Ее взаимоотношения с Рексом Харрисоном были дружественными, но не отличались особой теплотой. Харрисон считал «Мою прекрасную леди» своим фильмом, и, возможно, не без основания. Он не уступал Одри в этом актерском соревновании и, конечно, одержал безусловную победу в состязании певческом. Рекс не сводил недоверчивого взгляда с Джорджа Кьюкора, помня о его репутации «женского режиссёpа», снявшего свои лучшие фильмы с участием Гарбо, Нормы Ширер, Кэтрин Хепберн. Кьюкор устал заверять Рекса в том, что он не станет продвигать Одри в ущерб другим участникам постановки. Все это, конечно, не придавало уверенности Одри в своих силах.

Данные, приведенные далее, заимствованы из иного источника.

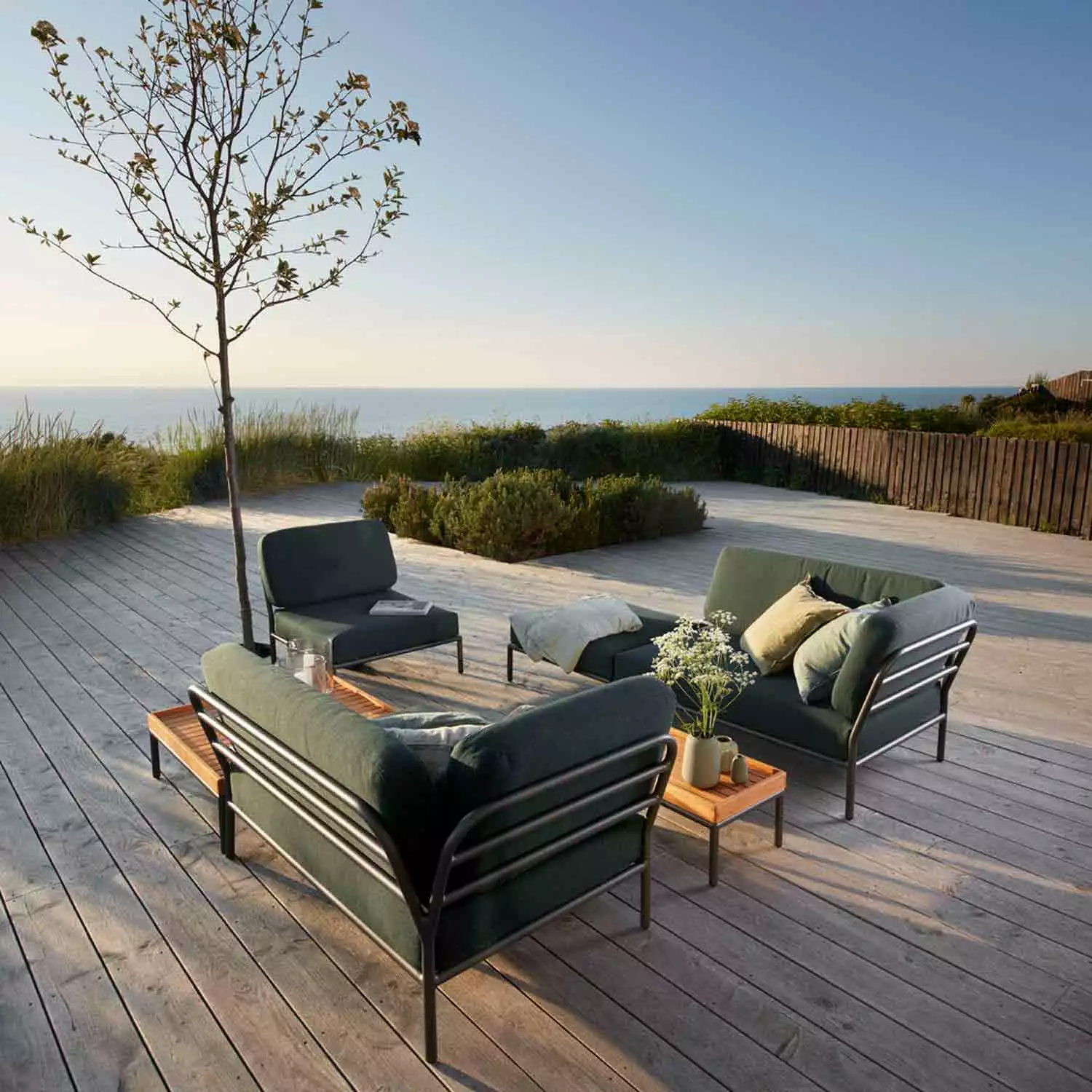 Houe LEVEL Stuhl, Alpine 4 Houe LEVEL Stuhl, Alpine – Bild 2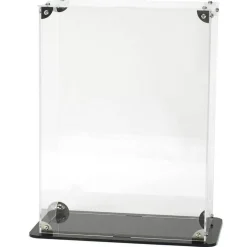 Vitrine pour maquette bateau section HMS Victory - Artesania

   Все, работавшие над фильмом, стремились к абсолютному совершенству. А Рекс Харрисон прилагал невероятные усилия, отрабатывая свои сцены, чем причинял постоянное беспокойство окружающим. Число дублей возрастало до бесконечности. Это было неудобно для Одри, и, вероятно, именно поэтому в первых эпизодах она играет с математической точностью, а не с характерной для нeё спонтанностью. Баронесса ван Хеемстра сказала Битону, что eё дочь «живет на нервах».
 
 
   Она только что завершила съемки эпизода песней «Это будет прекрасно!» под предварительно сделанную запись. Съемки шли на закрытой площадке, куда не допускались никакие посетители, кроме Мела Феррера. Кьюкор пригласил Одри в гримерную, чтобы сообщить, что президент Кеннеди тяжело ранен в Далласе и его жизнь под угрозой. Одри упала на кровать и закрыла лицо руками, возможно вспомнив о том, что, подобно Мэрилин Монро, она всего несколько месяцев назад пела «Happy Birthday» президенту США. Затем она встала: «Мы должны сообщить съемочной группе… Мы должны что-то сказать!»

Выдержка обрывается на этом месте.